In a short sentence, Flickr brings to the table a level of fun and addiction that only Friendster, The Facebook, and Myspace can replicate while at the same time being the most functional online photo-sharing application.
Is it a networking site? A community of photoblogs? Or a forum for great photographers? It’s all of them which it does greatly.
The sense of community and sharing is what makes Flickr attractive. It is easy to invite your friends and share photos about events. First you set up an account, set up a username and profile (which can be edited later), and then start uploading your photos. Each photo can then have a multitude of sharing options, either public or within your friends and family. You set friends and family by maintaining your contacts, a list of other users who have accounts and photos to share. See a great photo on one of your friends’ streams? Why not leave a comment, or even better a visual sticky note, or mark it as a favorite. Comments and notes between photos, your own and everyone elses, gets addicting, and that is when Flickr is more than just a online photo album. It’s a community of its own sort, where everybody has their own photoblog, and anyone of its 1000s of users can chime in and leave a comment. Once you get sucked in, you’ll soon be checking your Flickr mail more often than your regular e-mail.

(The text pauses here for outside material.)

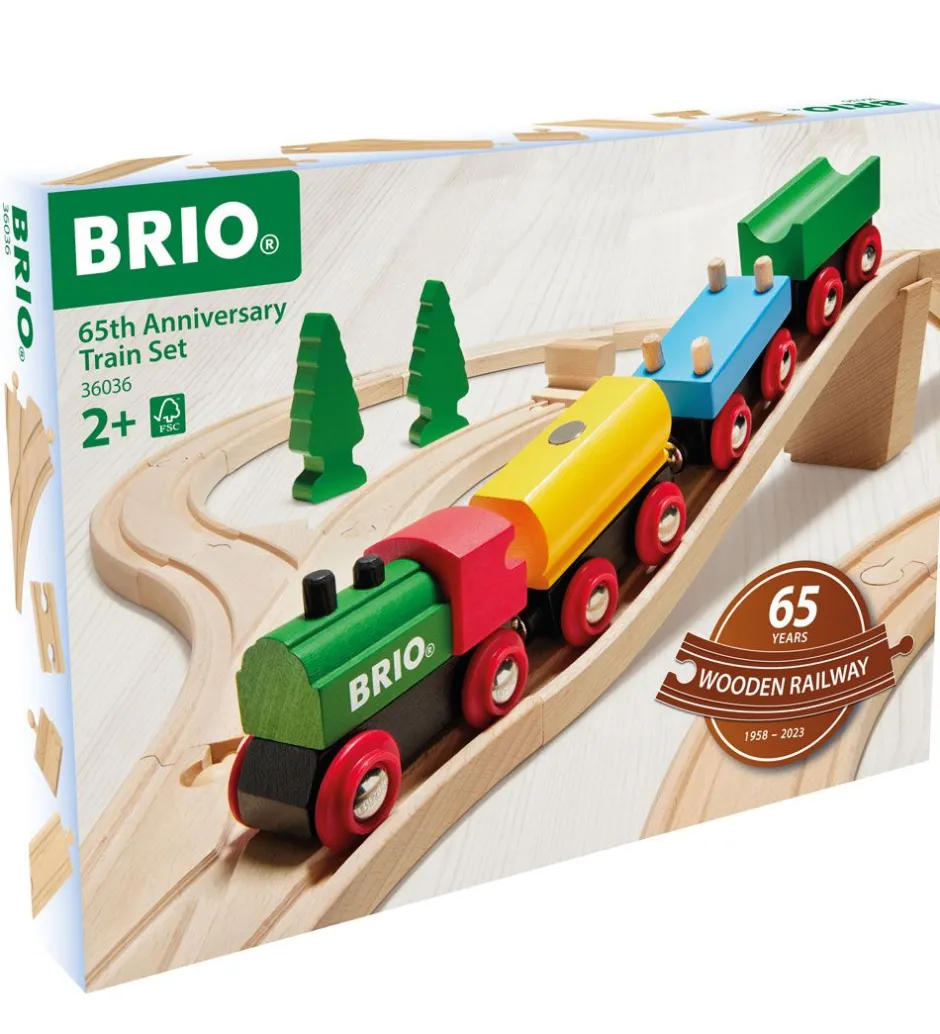 Togbanesæt - 32 Dele - 65th Anniversary 36036>BRIO Sale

There is also groups you can join and set up. Have a fetish for black and white photography? Join a B&W group and ask for criticisms of your work on the bulletin board. Leave comments on other users and make new friends. On Flickr, everybody has got a niche and it’s easy to find.

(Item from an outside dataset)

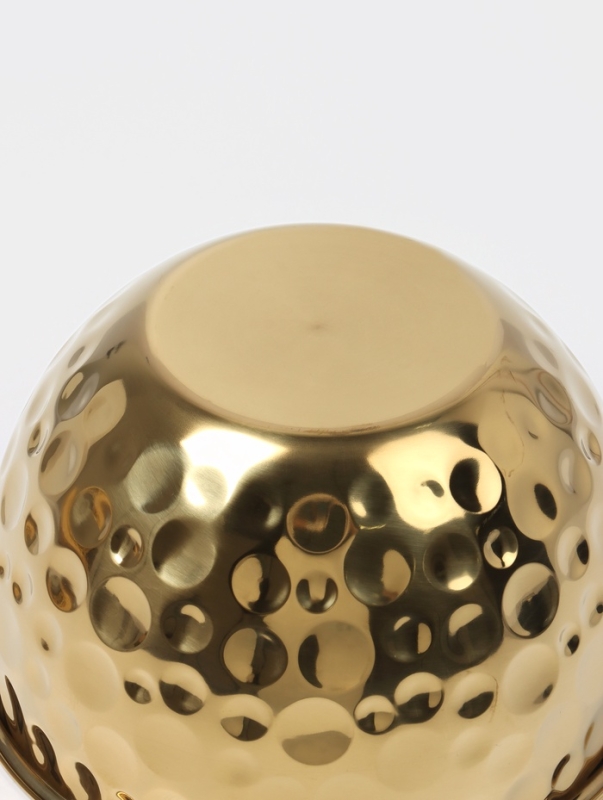 Набор мисок-салатников из нержавеющей стали 16/20/24 см, цвет золотой Набор мисок-салатников из нержавеющей стали 16/20/24 см, цвет золотой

Besides being social, Flickr is still a strong service. The Pro account allows for 1gb of uploads a month, more than most users will ever use. They also allow for unlimited photosets, and permanent archiving of your uploaded photos. A highly useful backup to ensure your photos will never see a hard drive crash. There servers are fast, even sustainable enough for their ridiculous slideshow feature, which can be set for even as fast as one second. Also, the ads on Flickr aren’t too obtrusive like they are on other sites. The Pro account even gets rid of them.
Another reason web geeks have been so embracing about Flickr is its feel. The Flickr API is available for anybody to develop and there is a highly visited forum for user ideas and bug submissions. Flickr has the appeal of an open source project, a sense that the application is alive and breathing. Everyone feels they can contribute and that they all know that if they speak loud enough, the developers will hear.

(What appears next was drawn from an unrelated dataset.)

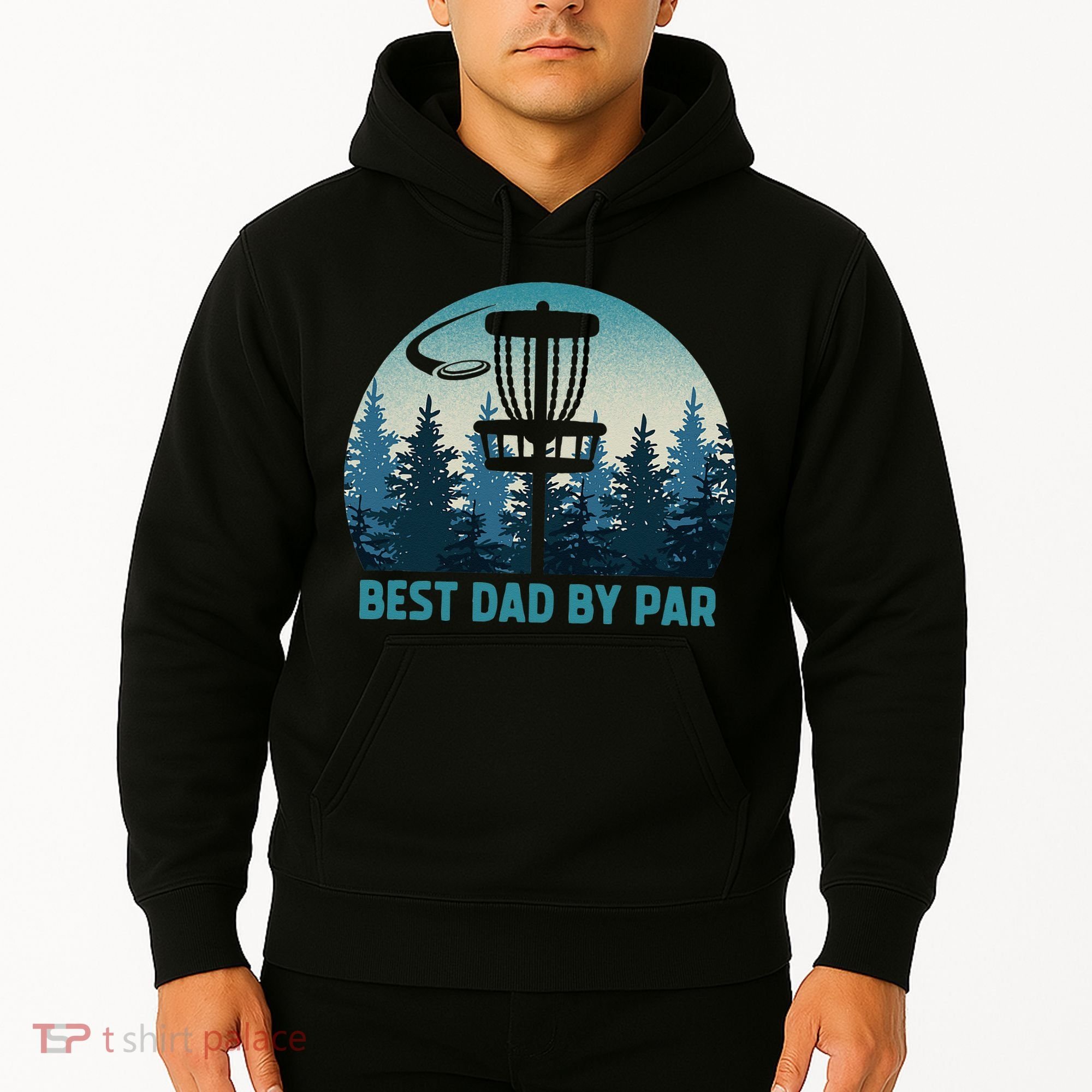 Best Dad By Par Funny Disc Golf Frisbee Golfer Fathers Day Hoodie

I haven’t ever paid for a web photo sharing service, but I believe in this project. Flickr is awesome, totally awesome, and one of the best sites the web has ever come out with. I have been running my photo server on static templates, and am now starting to feel like I can no longer live without a dynamic site. Flickr is so dynamic it leaves it competitors in the dust. You can edit photo titles and descriptions in any page and it will affect a dozen or so pages. Things can be moved and replaced with ease. Almost everything has its own RSS feed. And this is not even the initial version yet.
I’m still in the process of fully converting to Flickr. My 1gb upload limit maxed out, and I’m only up to September 2004. Pretty soon I’ll be completely converted and will maintain sharing my Peace Corps photos this way. Join and leave comments people! I would enjoy it.
Update (4/20/2005): Flickr announced there would be a suprise gift to those who purchased a Pro account. Flickr gave Pro members a one year extension on their account, and two 1 year Pro account invites to give to friends.
In addition, they cut the price of the Pro account to $24.95 (now cheaper than webshots), and doubled the amount of bandwidth for Pro and free users (2 gb/ month, 20 mb/month)!
So who wants an account? I got 2 to give out. Although I would much rather prefer someone who will actually use it compared to someone who would just like it.